There are also glimpses of why that discontent is so overwhelming: “By the side of the road, a plainclothes agent was sitting on top of the body of a very young boy. The agent’s arm seemed to be moving up and down, yet he held no baton. I moved a little closer. He was stabbing the boy with a knife.”

Those killed by foreign militaries do not go unnoticed. The same debate over the casualty count goes on in Tehran as thousands of miles away, with the same sources, claims, rumors, and doubts. In Gaza, of course, the official count is a drastically minimal one, and Hamas’ failure to prevent people livestreaming the genocide has probably been due to inability, not strategy. Governments, almost by definition, choose machismo over victimhood even when that victimhood would move mountains. There are many exceptions to this rule, but the biggest seems to be false victimhood used to justify atrocities.

“Tehran is in mourning,” we read. “You do not hear music or laughter. Every person who was killed had a family, and all families are connected. In a way, all of Iran has suffered a death. The grief is collective, heavy and unspoken.”

But when the Supreme Leader is killed, there are general festivities.

Yet, as the bombs fall, their horror comes to at least rival the rantings of the religious nuts as something unwanted:

“Now that my windows are smashed, I have no escape from the sounds of the Basiji in the mosque. To be honest, I don’t know what is worse, the sounds of the bombing or the Basijis’ pleas for God’s mercy. While they are blasting prayers, all I can think about is the blood of ordinary people on the streets after every aerial attack.”

The war impacts every aspect of life in Iran as outside it:

“Before, you might have been able to buy items at the supermarket. Now you have to check prices and not be surprised by a triple price increase. The challenge is trying to find the lowest-quality food, which is at the cheapest price. Still, there are plenty of fruit and vegetables in the supermarket that no one can afford. This is another kind of famine.”

Some of the blame for this does make it to the distant imperial clown in the White House:

“When, after forty days of continual bombing, he threatened to send Iran back to the Stone Age, I saw fear in people’s eyes. You can’t imagine the effect of knowing that someone wants to kill you, and that everyone is waiting to die.”

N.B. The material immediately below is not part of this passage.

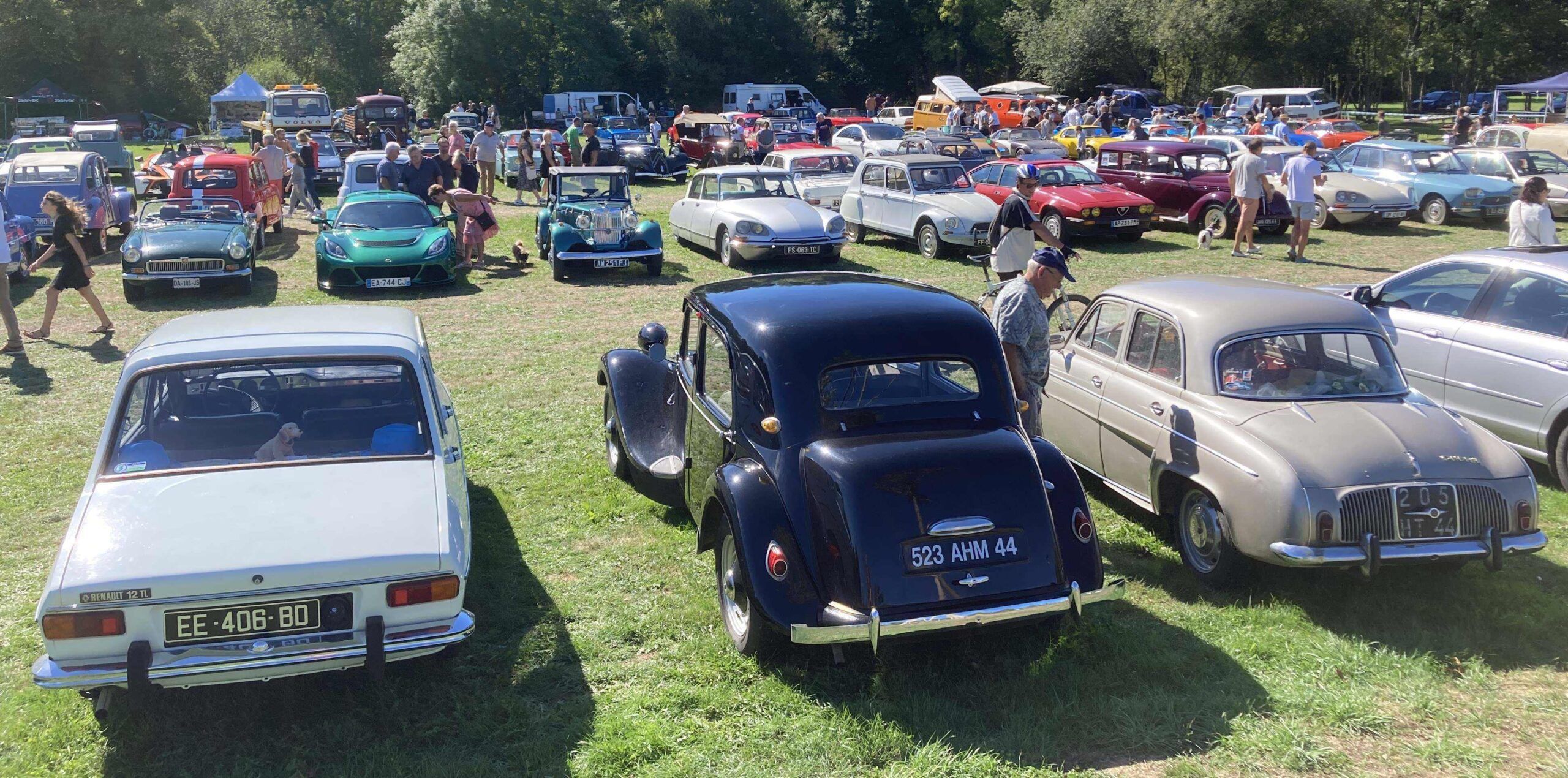 Rassemblement / bourse automobile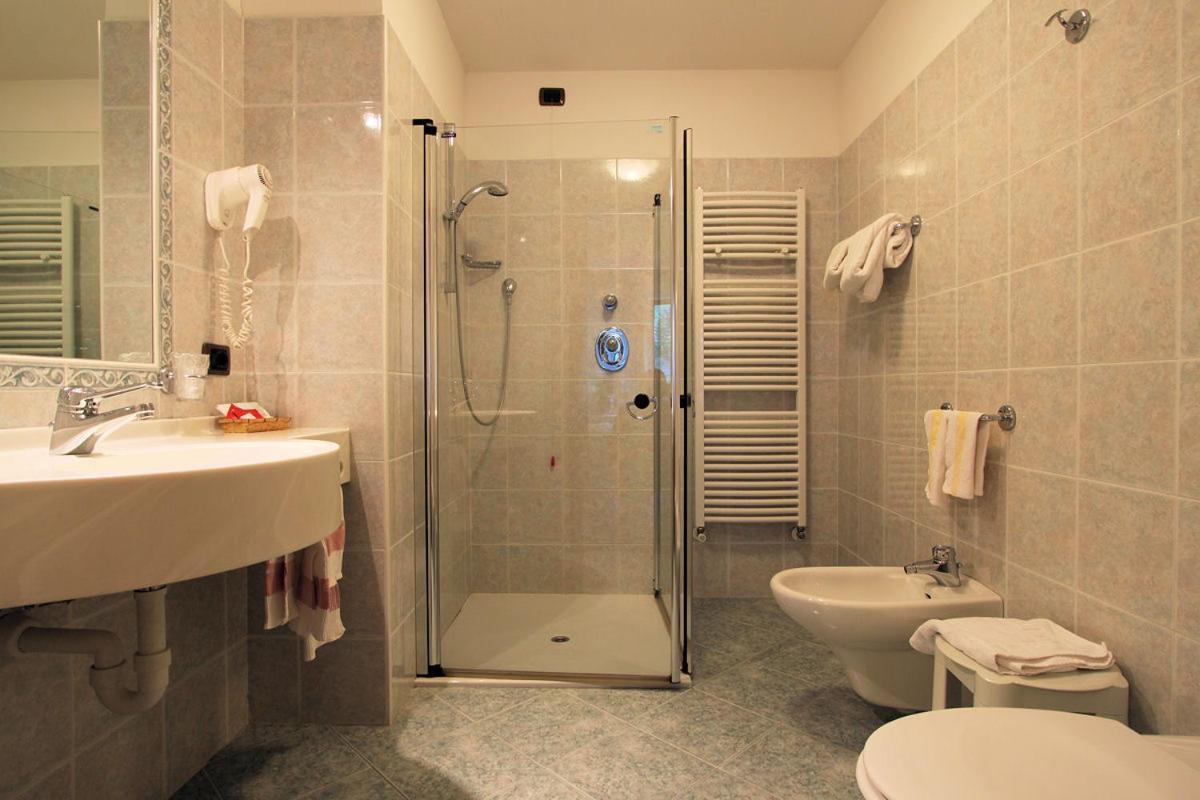 Hotel Al Lago ソラーガ エクステリア 写真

And reality reaches people directly even when journalism is forbidden:

“I had gone to the bank to get cash when a sudden explosion shook the building. Windows shattered and people fell to the ground. Officials shouted for everyone to leave. Outside, the streets were shrouded in thick black smoke. The bomb had landed two hundred metres away, destroying a police station, which collapsed on a bus filled with passengers. Pedestrians on the pavement were killed instantly. Among the abandoned cars, broken glass and concrete, I could see dead bodies. There must have been fifty of them. Blood was everywhere. The soldiers at the scene ordered me to leave. Most of the time we don’t see the civilians killed by the US and Israeli bombs.”

And, as in Venezuela recently and other cases, “[s]ome of those who wanted the Americans and the Israelis to bomb Iran have changed their minds since the war started.”

The protests of the Iranian government at least temporarily paused in Iran, not because people changed the object of their anger, but because it became simply too dangerous to go out and protest. It turns out that bombing a nation doesn’t fail to motivate an overthrow — not always because people rally around the devil they know against the foreign bombers, but sometimes because when bombs are falling people try to stay indoors.

A key to stopping the bombing, it would seem, would be for the United States to stop arming Israel with U.S. weapons with which to sabotage any supposed efforts for peace.